Define the `get_paragraph()` function that cleans the text and returns a list of text paragraphs

In [9]:
def get_paragraphs(input_text):
  paragraphs = []
  soup = BeautifulSoup(input_text, 'html.parser')
  
  # Define a regular expression pattern to match XML tags
  pattern = re.compile(r'<.*?>')

  for i, p in enumerate(soup.find_all('p')):
    # Use the sub() function to remove all tags from the XML text
    _text = re.sub(pattern, '', str(p))

    # use the nltk sentence tokenizer to segment the text into sentences
    _text = _text.replace('\n', ' '
              ).replace('\t', ' '
                  ).replace('∫', 's'
                      ).replace("\'", "'")

    # Replace multiple spaces with one space
    paragraphs.append(re.sub(r'\s+', ' ', _text))

  # Split into sentences, strip leading and trailing non-printables and return 
  return paragraphs

Build the `data` dictionary by
1. Reading all files in the `gold_standard\` folder
2. Applying the `get_paragraphs()` function to return the paragraphs in each file.
3. For each paragragh, store the `paraId`, `text`,  and `word_count`

In [14]:
paragraphs = []
for fileId, filename in enumerate(sorted(os.listdir(data_dir))):
  if filename.endswith(".xml"):
    text = open(f'{data_dir}/{filename}', 'r', encoding='utf8').read()
    for paraId, paragraph in enumerate(get_paragraphs(text)):
      paragraphs.append({'fileId':fileId,'paraId':paraId, 'text':paragraph, 'word_count':len(paragraph.split())})



Convert it to a Pandas dataframe for viewing

In [None]:
data = pd.DataFrame.from_dict(paragraphs)
# data

Update the `data` dictionary.
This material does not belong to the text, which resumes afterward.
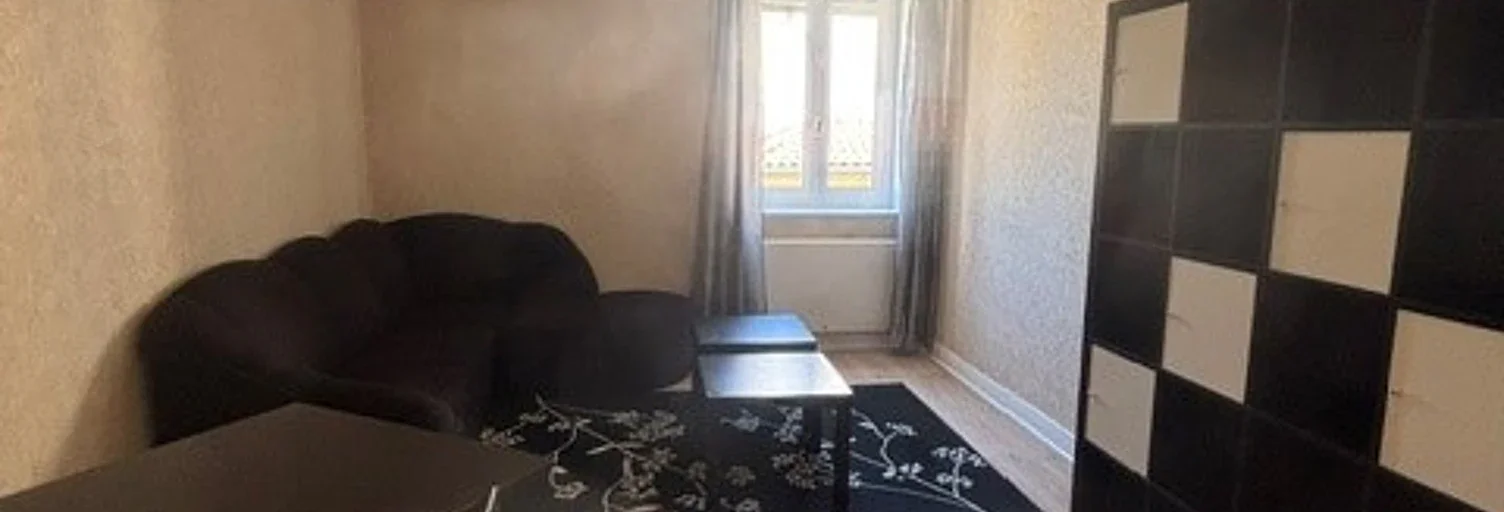 Appartement Avenue Barthélémy Buyer à Lyon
For each file
1. Go through all the paragraphs
2. Extract all PLNAMES and GEONOUNS. +/-EMOTIONS
3. Store the list of each tags as well as the counts

In [19]:
def pre_process_text(text):
  return list(filter(lambda token: token not in string.punctuation,
             [lemma.lemmatize(word) for word in word_tokenize(text) 
             if word.lower() not in stop_words]))
# Get entity counts for each tag
def get_entities(text, tag):
  return [(ent, ent.start_char, ent.end_char) for ent in nlp(text).ents if ent.label_ == tag]
  
def add_entity_count(data_df, tag):
  ents = [get_entities(text, tag) for text in data_df['text']]
  counts = [len(count) for count in ents]
  return ents, counts

data['plnames'], data['pn_cnts'] = add_entity_count(data, 'PLNAME')
data['geonouns'], data['gn_cnts'] = add_entity_count(data, 'GEONOUN')
data['pos_emotions'], data['pos_cnts'] = add_entity_count(data, '+EMOTION')
data['neg_emotions'], data['neg_cnts'] = add_entity_count(data, '-EMOTION')
data['sentiment_score'] = (data['pos_cnts'] - data['neg_cnts'])/data['text'].apply(lambda x : len(pre_process_text(x)))

List all occurences of entities (place names, geonouns, emotions) with their file and paragraph IDs

In [20]:
# Define the `add_tag` function to attach the tag to each entity from a given list
add_tag = lambda x_list, tag: [(x,tag) for x in x_list]

In [None]:
entities_df = data[['plnames','geonouns', 'pos_emotions', 'neg_emotions','fileId', 'paraId']]
ent_list = []
for i in range(len(entities_df)): 
  plns, gns, pos, neg, fId, pId = entities_df.iloc[i]
  ents = add_tag(plns,'PLNAME')+add_tag(gns,'GEONOUN')+add_tag(pos,'+EMOTION'
                                                  ) + add_tag(neg, '-EMOTION')
  if ents:
    for ent, tag in ents:
      ent_list.append({'entity': ent[0], 'start_char':ent[1], 'end_char':ent[2], 
                      'fileId':fId, 'paraId':pId, 'tag':tag})
      

ent_list_df = pd.DataFrame.from_dict(ent_list)
# ent_list_df

In [31]:
from collections import defaultdict
entities_df = data[['plnames','geonouns', 'pos_emotions', 'neg_emotions','fileId', 'paraId']]
ent_list = defaultdict(list)
for i in range(len(entities_df)): 
  plns, gns, pos, neg, fId, pId = entities_df.iloc[i]
  ents = add_tag(plns,'PLNAME')+add_tag(gns,'GEONOUN')+add_tag(pos,'+EMOTION'
                                                     )+add_tag(neg,'-EMOTION')
  
  for ent, tag in ents:
      ent_list[tag].append({'entity': ent[0], 'start_char':ent[1], 'end_char':ent[2], 
                        'fileId':fId, 'paraId':pId})

# Generate dataframes for all entities
ent_dfs = [(tag, pd.DataFrame.from_dict(ent_list[tag])) for tag in ent_list]

Export to Excel and JSON

In [40]:
with pd.ExcelWriter('paragraph_counts_v1.xlsx') as writer:  
    data.to_excel(writer, sheet_name='paragraphs')
    for tag, ent_df in ent_dfs:
      ent_df.to_excel(writer, sheet_name=tag)
      ent_df.to_json(f"{tag.lower()}.json", default_handler=str, orient="records")